Why, because they never chase you for it to be repaid and when they do, make sure you pay them the minimum you can get away with.
what fantastic advice.
No wonder they are having to cut the welfare budget even further with that sort of attitude.0 -
Thank you for all replies
I do intend to pay back anything I owe I was just surprised that it's taken 21yrs to ask for it! Which makes me worried they have made a mistake. I keep paperwork for 7 years but that's it. I will go to citizens advice just in case.0 -
I do intend to pay back anything I owe I was just surprised that it's taken 21yrs to ask for it! .
No not really. You have ignored paying it back for 21 years, presumably hoping that it would get lost somewhere along the way. The onus is on you to pay it, not on the DWP to chase you for it.0 -
Thank you for all replies
I do intend to pay back anything I owe I was just surprised that it's taken 21yrs to ask for it! Which makes me worried they have made a mistake. I keep paperwork for 7 years but that's it. I will go to citizens advice just in case.
There is no advice they can give you other than what's already been given.

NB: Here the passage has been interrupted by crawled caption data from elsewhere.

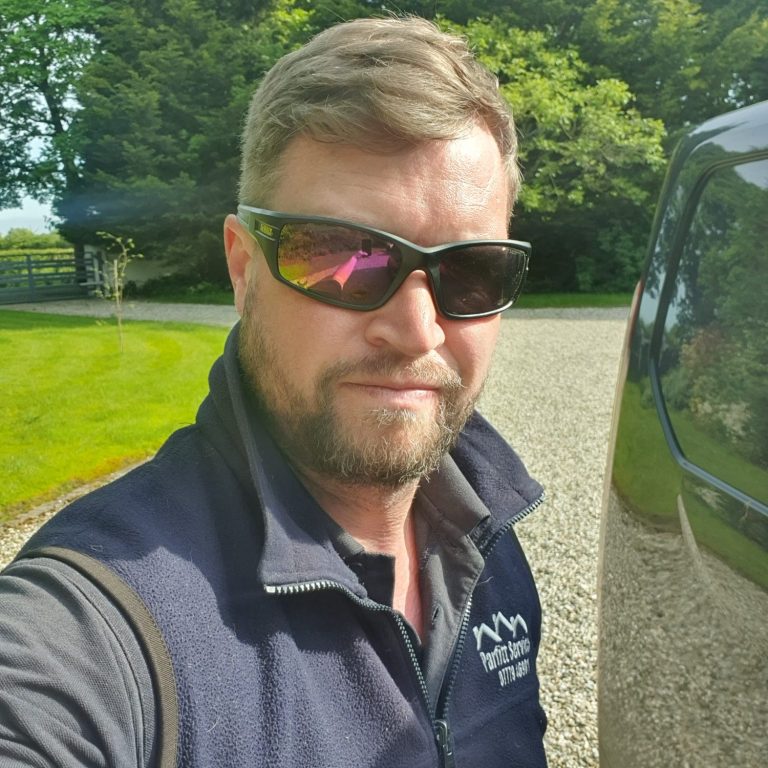 Parfitt Services business owner wearing sunglasses and workwear with logo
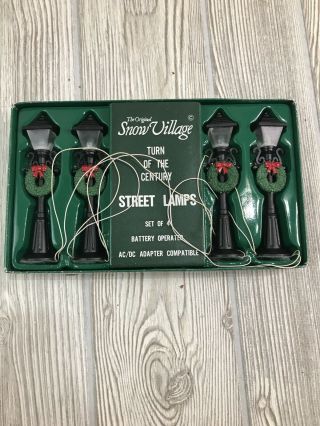 The Snow Village Turn Of The Century Light Up Street Lamps Set Of 4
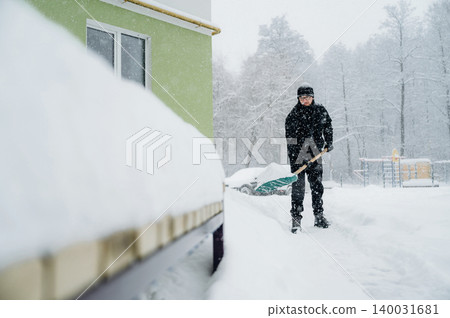 Man dressed in black winter clothing shoveling snow from a sidewalk near a green building during a heavy snowfall with trees and playground visible in the background Man dressed in black winter clothing shoveling snow from a sidewalk near a green building during a heavy snowfall with trees and playground visible in the background 140031681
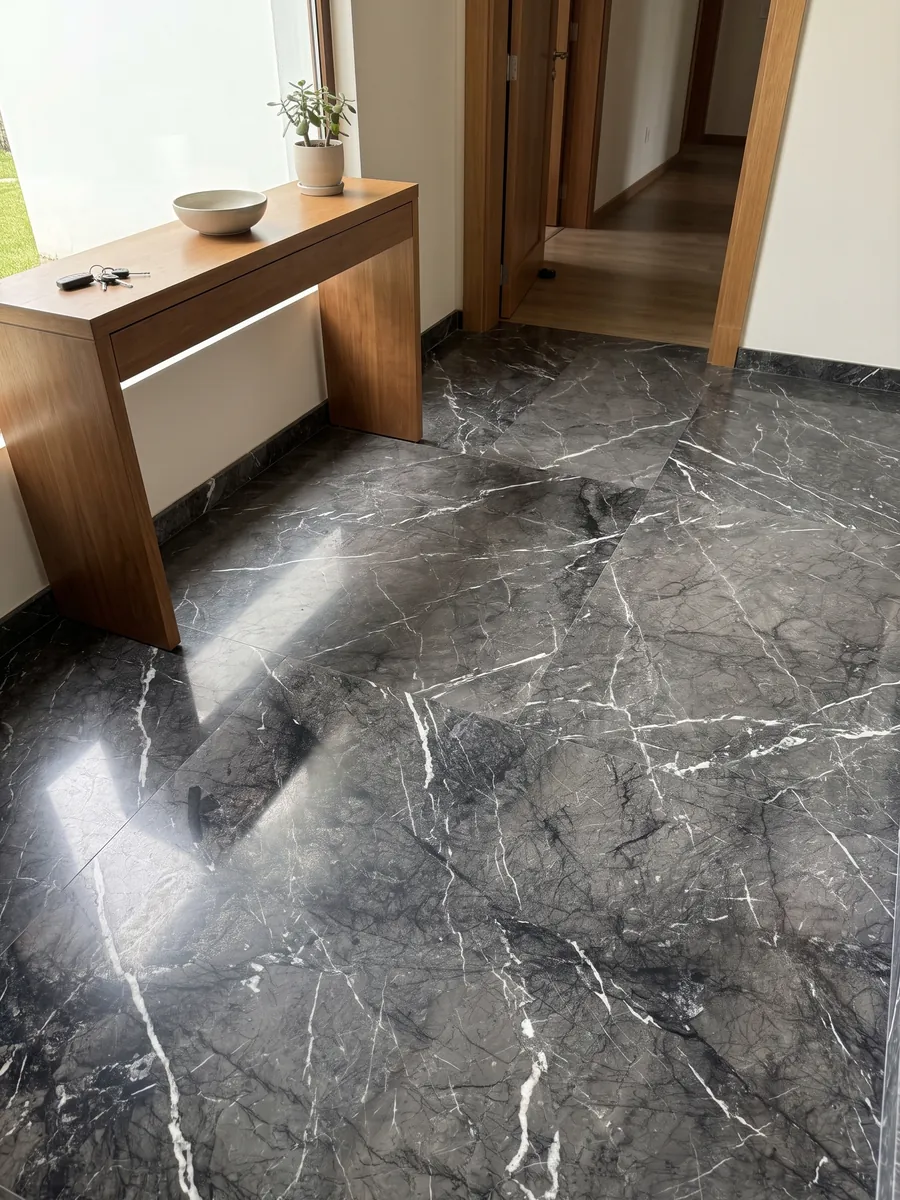 Piso de recibidor en placas grandes de mármol negro Grigio Carnico con luz natural: negro grisáceo con vetas blancas finas y nítidas que se ramifican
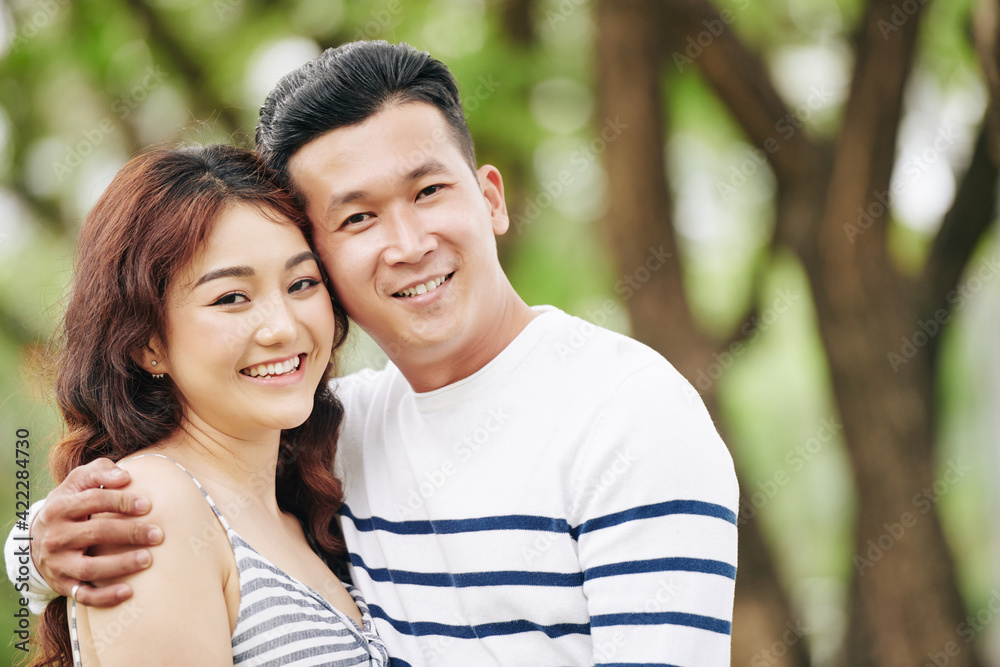 Poster portrait of happy hugging young asian boyfriend and girlfriend smiling and looking at camera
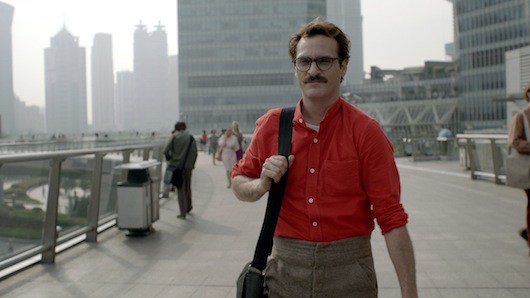 A still from the film Her showing the protagonist interacting with an AI operating system.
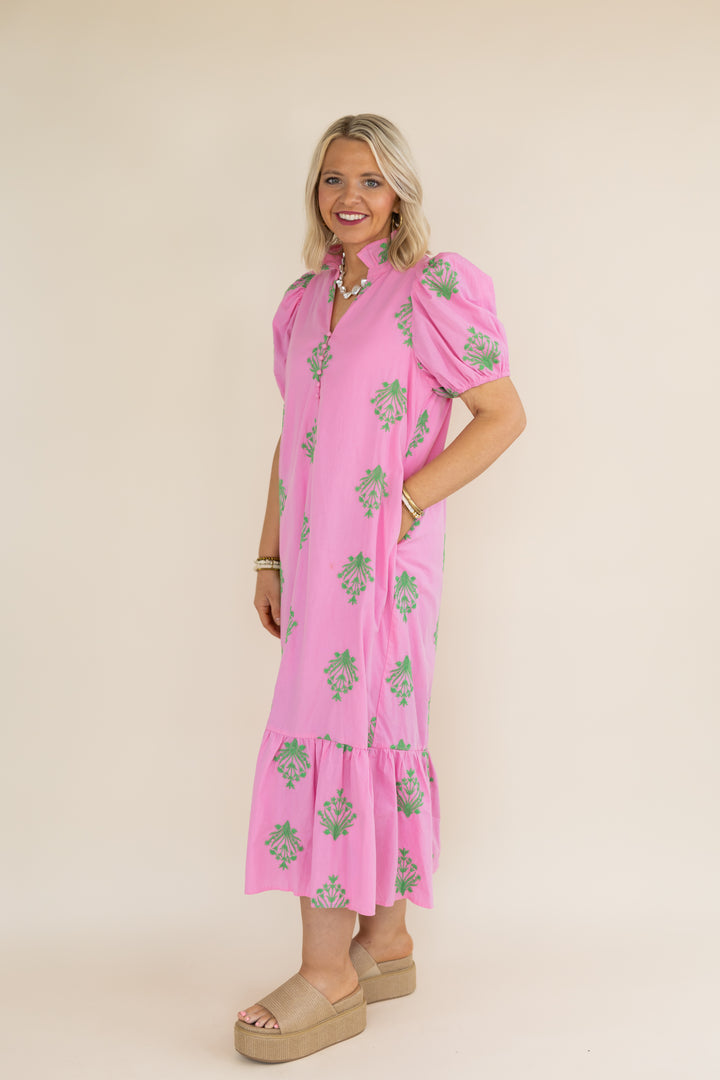 A woman modeling a pink midi dress with green floral prints, puff sleeves, and a tiered hem, standing against a solid beige studio background.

For a 21 year-old debt, the debt will only not be recovered in exceptional circumstances.
The problem is the deadline to appeal the debt ran out 20 years ago.
Somewhere during this time, you will have been sent a letter to your last known address about the debt. You then had a year to dispute this.
Once the year has run out, the legislation is such that they can only decide to not recover in circumstances of for example identity fraud.
And proving fraud may be quite hard as they may not have kept much documentation on the loan.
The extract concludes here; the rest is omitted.